Las horas dedicadas al estudio y la escritura no impidieron que el profesor Widow empleara parte importante de su tiempo en la formación de personas. Dedicaba largos ratos a conversar con sus alumnos, tiempo que las exigencias de la vida universitaria han vuelto cada vez más escaso. De poco hablar, lo que llevó a muchos a ver en él una persona grave, excesivamente seria, incluso lejana. Quienes lo conocimos, fuimos poco a poco descubriendo que estábamos  ante una persona reservada, incluso tímida, y que se tomaba muy en serio la idea de que uno no debe hablar más de la cuenta. Esta dimensión de su personalidad indica que las muchas horas dedicadas a sus alumnos eran, principalmente, horas dedicadas a la escucha atenta de quienes recurrían a él. Cuando en el año 2008 su edad le permitió descansar de la vida universitaria activa, su labor formativa se intensificó aún más. Decenas de universitarios desfilaron por su casa, asistiendo a seminarios sobre metafísica, teoría del conocimiento y filosofía política.

Si bien no es tarea fácil identificar las preocupaciones centrales en la vida intelectual del profesor Widow, cualquiera que intente comprender tanto su obra escrita como su magisterio deberá otorgar un papel importante el concepto de ideología, así como a la relevancia de este para comprender las grandes ideologías políticas modernas. Quienes asistimos a sus clases, nunca olvidaremos su definición de ideología, aunque solo sea porque era esencial memorizarla para aprobar el curso. Una ideología, decía el profesor Widow, es un sistema cerrado de ideas que se constituye en fuente de toda verdad y de toda rectitud moral.
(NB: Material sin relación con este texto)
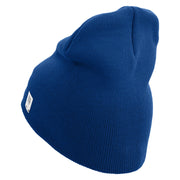 The Few The Proud Symbol Embroidered 8 Inch Solid Knit Short Beanie Made in USA - Royal-Blue OSFM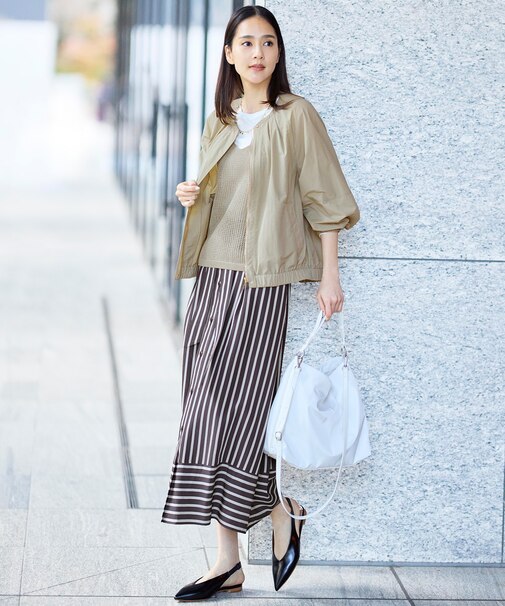 ビスコースナイロンドビーストライプ スカート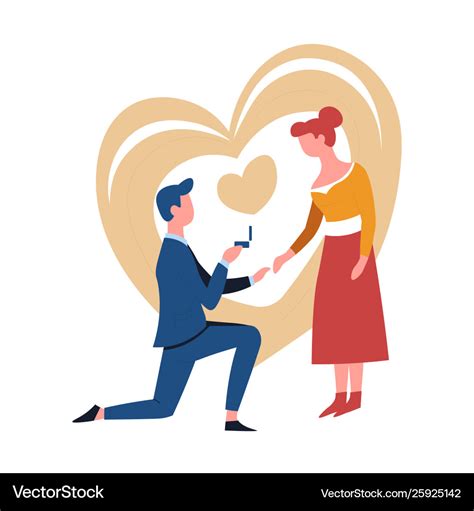 Engagement or romantic proposal couple man and Vector Image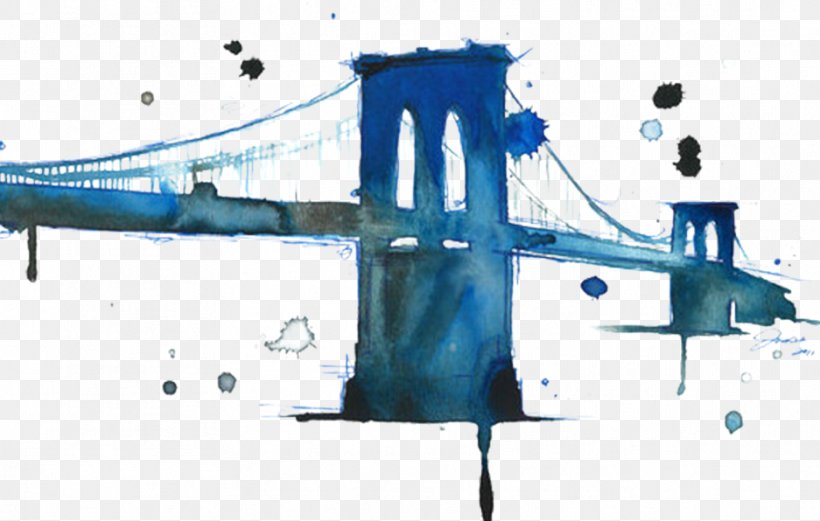 Brooklyn Bridge Watercolor Painting Printing, PNG, 937x596px, Brooklyn Bridge, Art, Bridge, Brooklyn, Canvas Print Download Free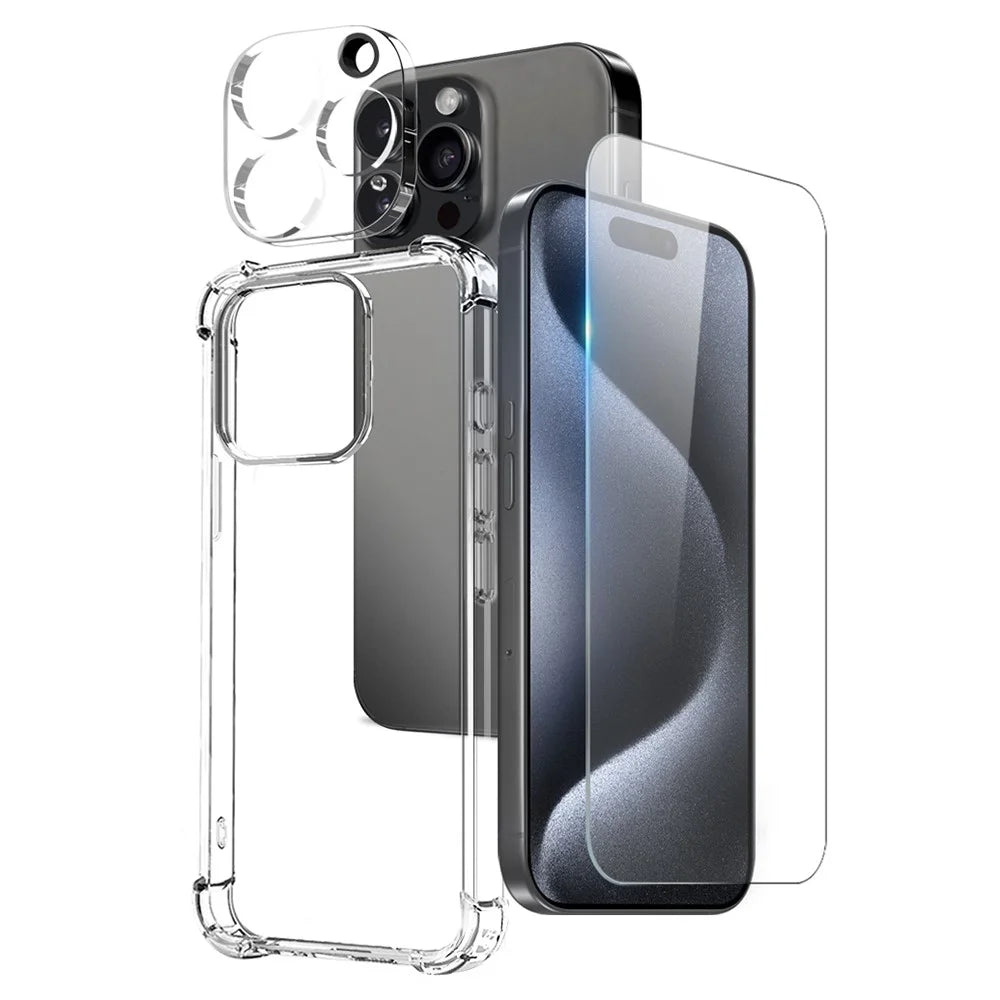 NORTHJO For iPhone 15 Pro Clear Case Shockproof TPU Cover with Tempered Glass and Camera Lens Film - 1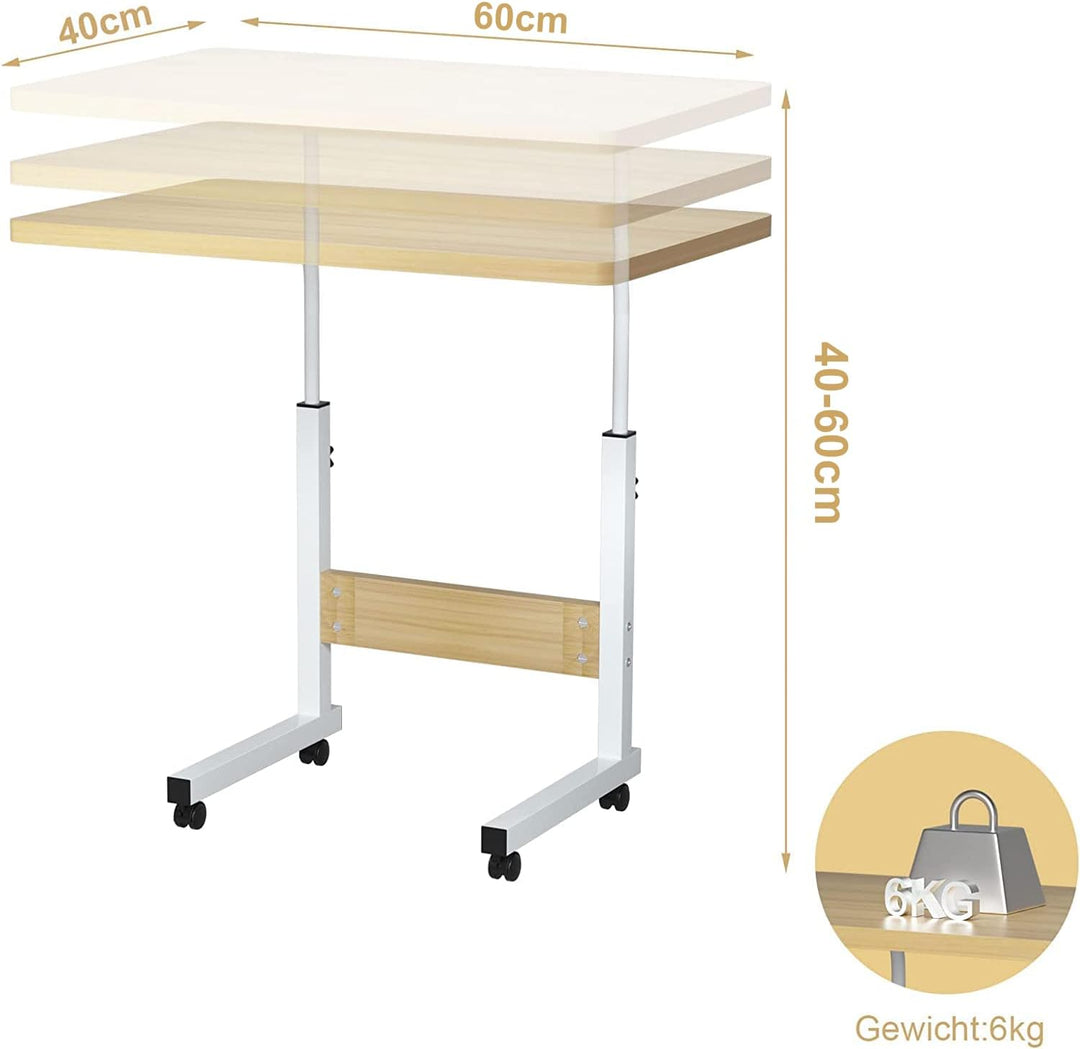 PIPIPOXER 60x40cm Laptoptisch höhenverstellbarer Schreibtisch mit drehbarer Rollen 60x40cm Computert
Parte importante de la obra escrita de Widow está orientada a mostrar cómo el pensamiento ideológico es fruto directo de la secularización de dos ideas propias de la Reforma protestante: la negación del libre albedrío y la tesis según la cual quien ha sido justificado por Dios es, de algún modo, y por este mismo hecho, eximido de toda ley o norma. La tesis del profesor Widow no es que dichas ideas, por sí solas, den origen a las grandes ideologías modernas, sino que sería la secularización de estas la que está en el origen de toda ideología moderna.

Otro elemento central de la reflexión política de Juan Antonio Widow dice relación con la tesis según la cual las grandes ideologías modernas, y sobre todo aquellas que han tejido parte importante de la historia del siglo XX, tienen un tronco común. Así, para Widow, el nacionalsocialismo, el marxismo y lo que hoy se conoce como neoliberalismo son una y la misma expresión de la actitud o mentalidad ideológica. 

Una tercera dimensión relevante de la reflexión del profesor Widow sobre las ideologías radica en la idea según la cual el pensamiento ideológico es indefectiblemente tecnocrático. A modo de ejemplo, y tal como solía formularlo él mismo, el primado otorgado a la economía, tanto en el socialismo como en parte importante de la tradición liberal, no implicaría otra cosa que una creciente racionalización cuantitativa de toda conducta humana. Si bien uno podría matizar esta afirmación de varios modos, ciertas controversias contemporáneas al interior de la tradición liberal, como aquella relativa al “paternalismo libertario”, vuelven sumamente actuales algunas tesis del profesor Widow. En la misma línea, las ideas de Mario Góngora sobre las planificaciones globales en la historia de Chile, o el análisis sobre los procesos de modernización latinoamericanos de Pedro Morandé, parecen resonar con fuerza en algunos textos de Widow.

Hay muchas otras ideas relevantes en el trabajo intelectual del profesor Widow, y todas ellas merecen ser estudiadas en su propio mérito. Sea como fuere, don Juan Antonio será recordado como un verdadero maestro cristiano. Quienes tuvimos la gracia de conocerlo, hemos adquirido una deuda enorme tanto con él como con su familia, una deuda que nunca podremos saldar como corresponde.

Nota: Este artículo fue publicado originalmente por la Revista Raíces en su número VIII. Agradecemos al autor su autorización para publicarlo nuevamente.